### Work order
Would you please transcribe the records below exactly, leaving out the pictures?

——————————

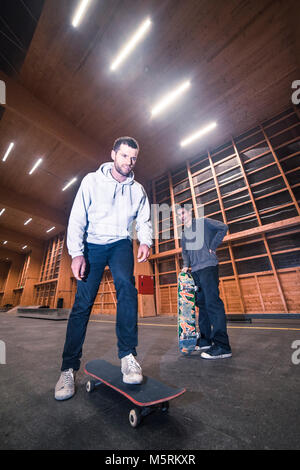Due giovani pattinatori sono la pratica con il loro skateboard in un pattino indoor hall. Foto Stock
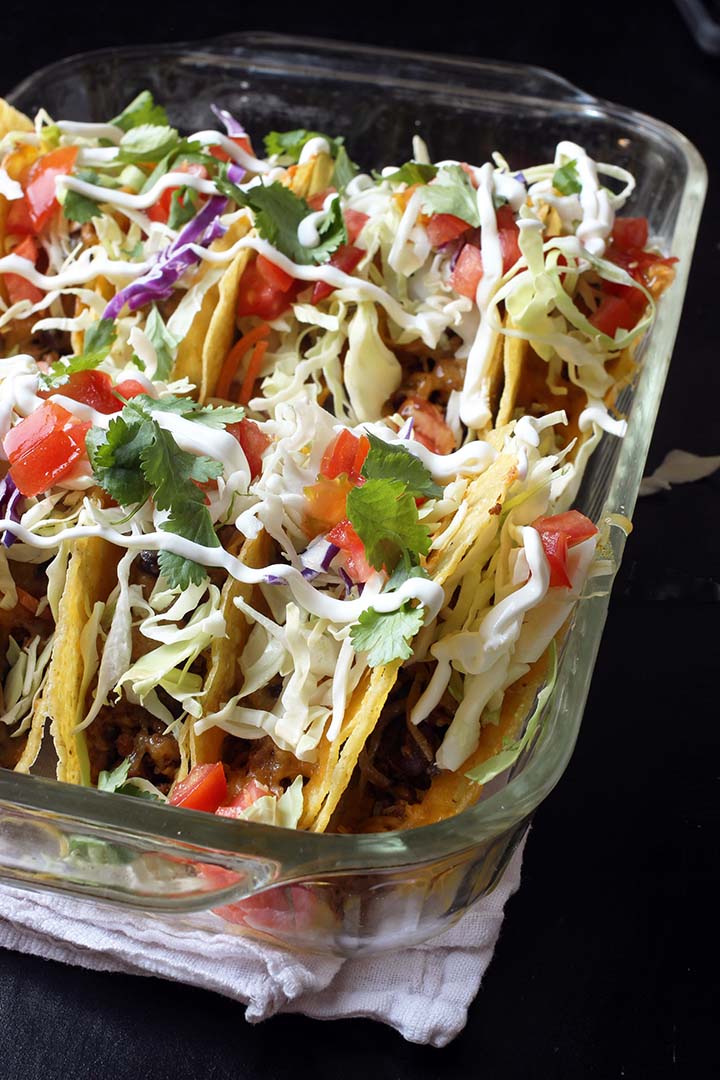 pyrex pan filled with tacos with toppings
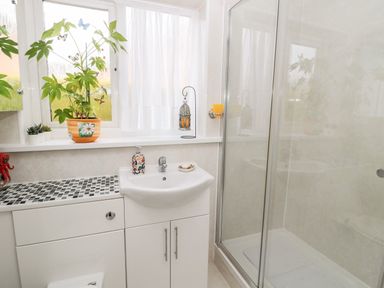 A bathroom with a sink countertop with mosaic tiles and a shower enclosure at Tartaria in Widdrington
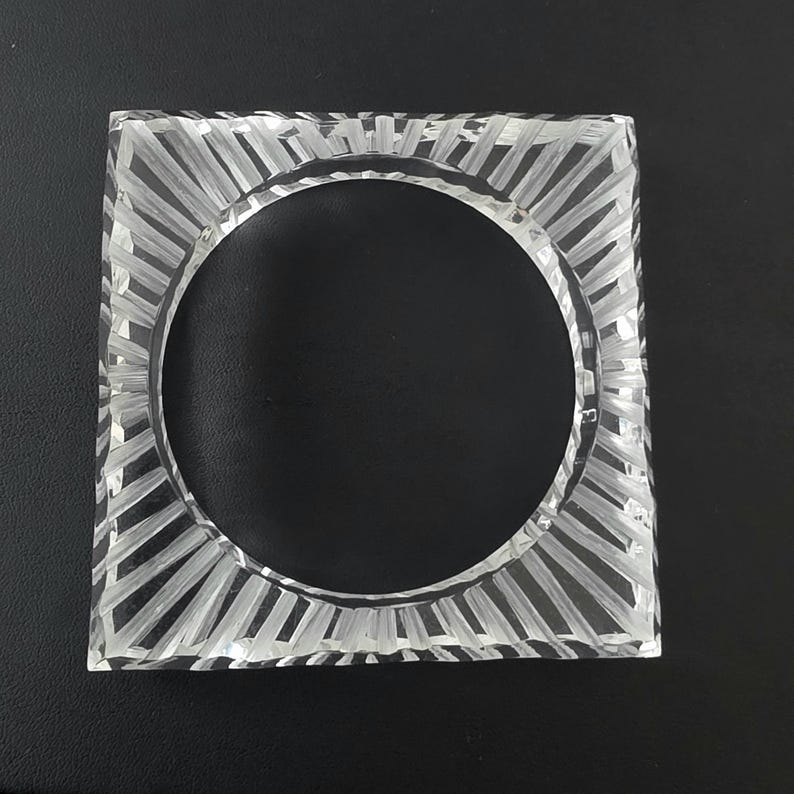 Puede incluir: Un posavasos cuadrado de cristal transparente con un recorte circular en el centro y una serie de ranuras lineales grabadas que irradian desde el c&iacute;rculo interior hasta los bordes cuadrados, creando un patr&oacute;n texturizado.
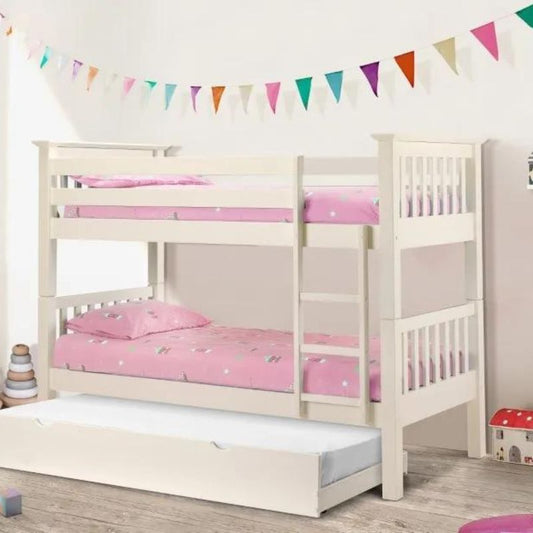 A white bunk bed adorned with pink sheets and a pink bedspread, creating a cheerful and inviting sleeping space.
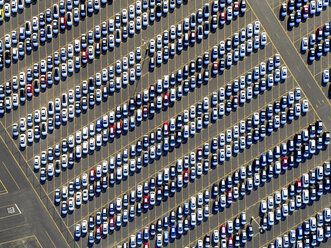 Luftaufnahme eines Autohandelszentrums, in Reihen geparkte Neuwagen auf einem Parkplatz, bereit zum Verkauf. - MINF01118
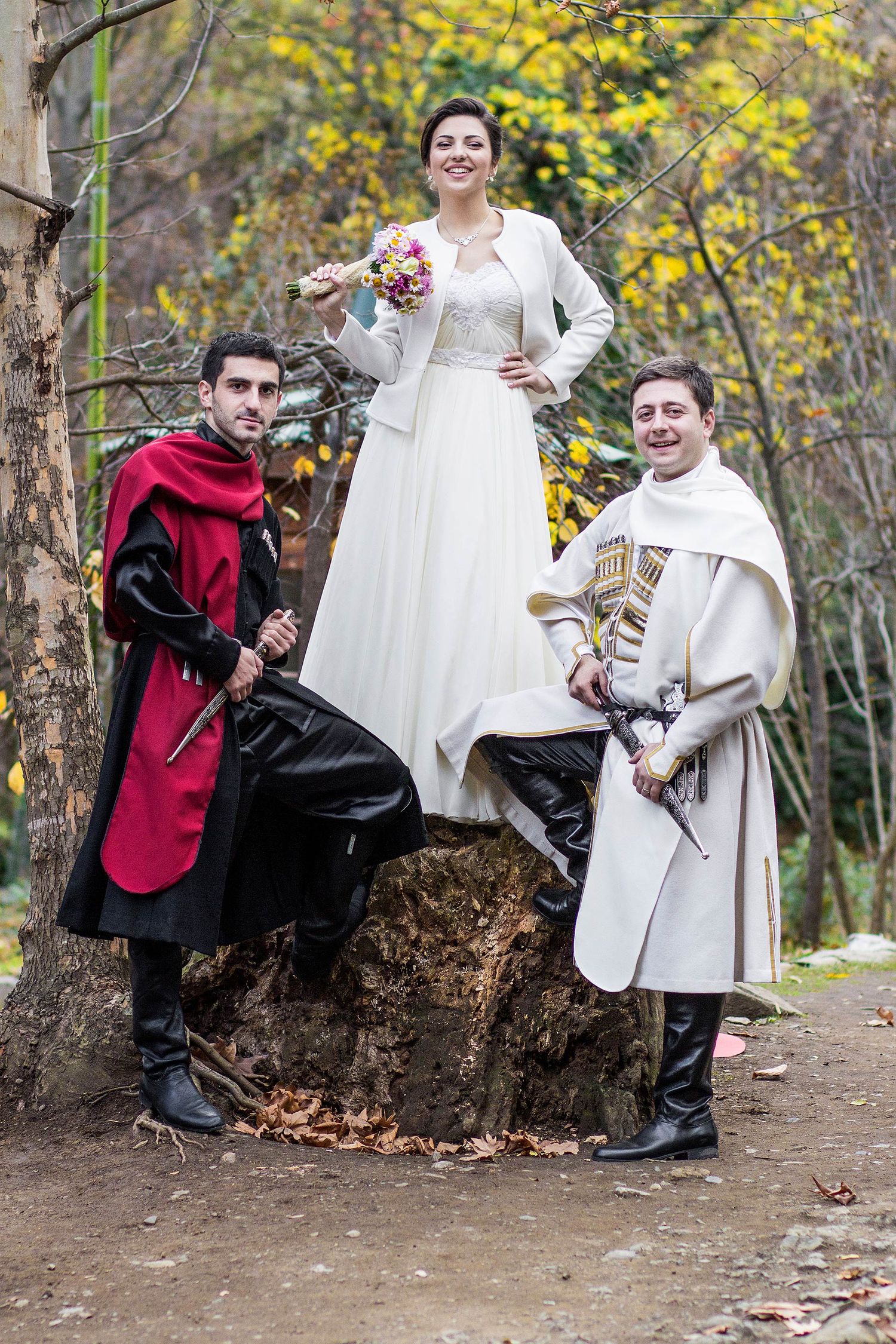 Three people in medieval costumes pose playfully on a fallen tree trunk in an autumn forest.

——————————

### Reply
Due giovani pattinatori sono la pratica con il loro skateboard in un pattino indoor hall. Foto Stock
 pyrex pan filled with tacos with toppings
 A bathroom with a sink countertop with mosaic tiles and a shower enclosure at Tartaria in Widdrington
 Puede incluir: Un posavasos cuadrado de cristal transparente con un recorte circular en el centro y una serie de ranuras lineales grabadas que irradian desde el c&iacute;rculo interior hasta los bordes cuadrados, creando un patr&oacute;n texturizado.
 A white bunk bed adorned with pink sheets and a pink bedspread, creating a cheerful and inviting sleeping space.
 Luftaufnahme eines Autohandelszentrums, in Reihen geparkte Neuwagen auf einem Parkplatz, bereit zum Verkauf. - MINF01118
 Three people in medieval costumes pose playfully on a fallen tree trunk in an autumn forest.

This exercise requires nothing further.